La maturità liceale sembra portare luce anche al suo cammino vocazionale: a settembre 2001 entra nel noviziato degli Oblati di Maria Immacolata, da cui otto mesi dopo viene dimesso perché la sua vocazione “non presenta le caratteristiche del carisma oblato”. È un’autentica doccia fredda per lui e per quanti hanno sponsorizzato la sua vocazione. Pur dicendo a se stesso di non “doverne fare un dramma perché ufficialmente non mi si rimprovera niente”, Jean sente tutto il peso di questo rifiuto, del suo ritorno in famiglia, della ricerca di un lavoro reso più difficile dall’ironia e dallo scherno di alcuni colleghi. Una cugina suora gli apre quasi a caso la strada del Carmelo e così si ritrova a luglio 2003 nel convento di Nkoabang, a percorrere la piccola via della fiducia incondizionata in Dio che Teresa di Lisieux ha tracciato e sulla quale Jean sembra volare, come se davvero al Carmelo da sempre Dio lo avesse atteso e sempre l’avesse voluto. 

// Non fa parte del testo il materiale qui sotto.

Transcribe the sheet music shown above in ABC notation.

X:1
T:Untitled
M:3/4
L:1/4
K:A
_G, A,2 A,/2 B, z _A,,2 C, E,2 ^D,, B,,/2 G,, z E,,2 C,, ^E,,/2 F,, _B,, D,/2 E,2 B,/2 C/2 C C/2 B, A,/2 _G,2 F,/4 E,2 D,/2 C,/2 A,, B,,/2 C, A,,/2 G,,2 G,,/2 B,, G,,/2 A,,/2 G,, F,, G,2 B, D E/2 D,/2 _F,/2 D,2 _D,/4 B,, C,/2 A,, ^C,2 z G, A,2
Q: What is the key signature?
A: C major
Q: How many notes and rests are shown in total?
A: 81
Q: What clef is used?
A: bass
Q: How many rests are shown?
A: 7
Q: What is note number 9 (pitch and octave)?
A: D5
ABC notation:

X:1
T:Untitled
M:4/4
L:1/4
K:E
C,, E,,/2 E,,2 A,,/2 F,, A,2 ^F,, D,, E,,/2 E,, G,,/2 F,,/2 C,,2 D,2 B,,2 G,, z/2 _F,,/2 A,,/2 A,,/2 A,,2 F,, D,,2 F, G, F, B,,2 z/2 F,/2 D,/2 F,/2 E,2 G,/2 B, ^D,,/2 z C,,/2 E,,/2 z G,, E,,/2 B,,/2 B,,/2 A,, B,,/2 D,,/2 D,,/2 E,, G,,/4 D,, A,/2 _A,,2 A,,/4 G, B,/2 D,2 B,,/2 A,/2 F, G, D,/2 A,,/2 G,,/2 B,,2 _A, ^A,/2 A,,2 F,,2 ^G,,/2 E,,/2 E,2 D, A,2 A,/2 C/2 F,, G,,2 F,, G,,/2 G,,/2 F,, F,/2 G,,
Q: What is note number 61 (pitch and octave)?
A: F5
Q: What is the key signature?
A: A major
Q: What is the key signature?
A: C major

Qui sono talmente contenti della sua maturità spirituale e dei suoi continui progressi che da aspirante lo promuovono postulante dopo appena undici mesi, ma nel momento in cui si prepara alla partenza per il noviziato in Burkina Faso compare sul ginocchio destro un ascesso, da subito diagnosticato come un tumore maligno. Inutili le cure e le sedute chemioterapiche, il 18 novembre 2004 occorre provvedere all’amputazione, che Jean affronta con un coraggio fuori del comune, affermando che “in fin dei conti il Signore gli chiede soltanto il dono di una gamba che ormai non serve più”.  Con il proposito che nessuno tra quelli che lo avvicinano deve andarsene via triste, “preferisce donare la gioia”, anche quando lo portano in Italia, prima a Legnano, poi a Candiolo. Attira i giovani come una calamita, tutti sono ammirati della sua forza e della sua pazienza. L’8 dicembre 2005, con la dispensa di Roma fa la professione solenne nel suo letto d’ospedale: si accontenterebbe di essere anche solo “prete da carrozzina”, dispensatore della misericordia di Dio e uomo di preghiera, ma quando gli dicono che ormai i suoi giorni sono contati, dopo appena un attimo di smarrimento, conclude che “realizzerò la mia vocazione in Paradiso, ma non sarà una pioggia di rose come quella di santa Teresa. Io farò scendere un diluvio di vocazioni sul Carmelo e sulla Chiesa”.

Muore il 5 gennaio 2006 in concetto di santità.

Il processo diocesano sulla "vita, virtù e fama di santità" è stato aperto presso l'Arcidiocesi di Milano il 15 febbraio 2013 e si è concluso il 9 settembre 2014. Il 24 novembre 2017 è stato concesso il decreto di validità.